Gordon shows how, time and again, the U.S. (and often Britain) has blocked Iraq’s access to some desperately needed item, while other Security Council members have tried to get it through.

Delegates from Russia, China and France, for instance, readily approved a Syrian proposal in 2000 to build a flourmill in Iraq, after a U.N. report found twenty-five per cent of children in southern and central Iraq suffered from malnutrition. The delegate from the U.S., however, blocked the project, insisting that approval of the mill was “premature.”

These sorts of details are well known in the Middle East, where claims of U.S. benevolence and respect for human rights have long been treated with skepticism. Watching their children die as a result of American actions, Iraqis might well ask: Why do they hate us so? — a question that will undoubtedly come up again when the U.S. invasion begins.

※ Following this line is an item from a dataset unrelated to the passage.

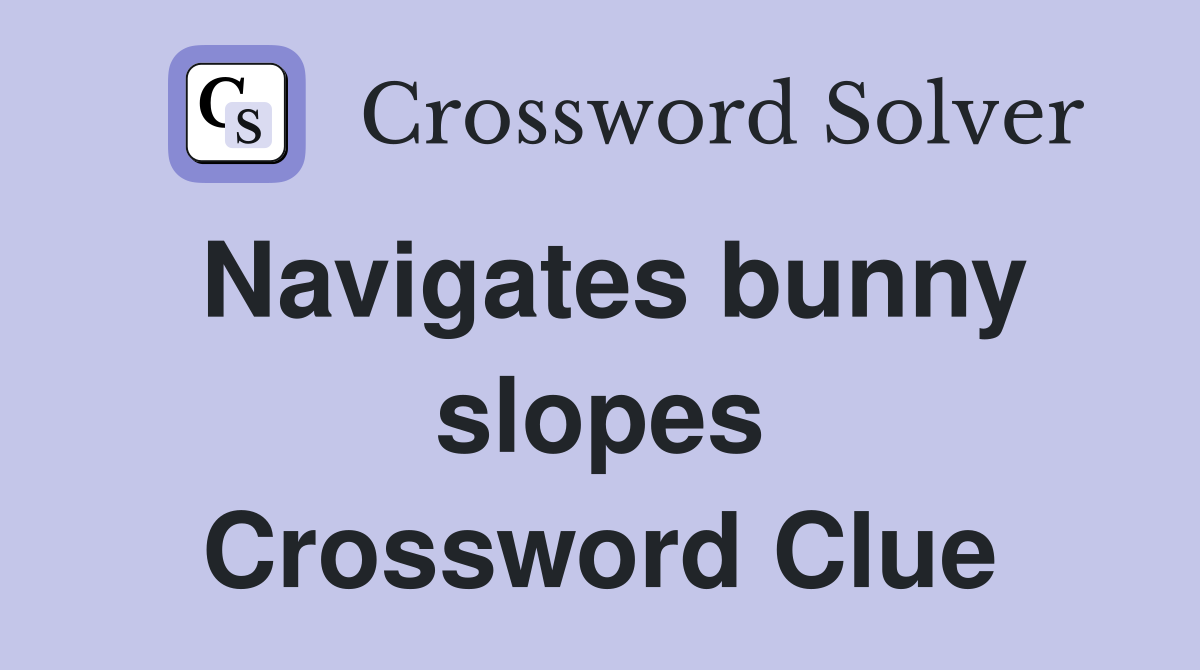 Navigates bunny slopes Crossword Clue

Gordon’s point is, in fact, similar to the one raised implicitly by the CIA director: Is this really the way to make us safe?

Is the mass killing of innocent people — whether by bombs or sanctions — likely to be forgiven or forgotten any time soon by those losing loved ones? We can arm ourselves to the teeth but, as Gordon powerfully notes, “the worst destruction done on U.S. soil by foreign enemies was accomplished with little more than hatred, ingenuity and box cutters.”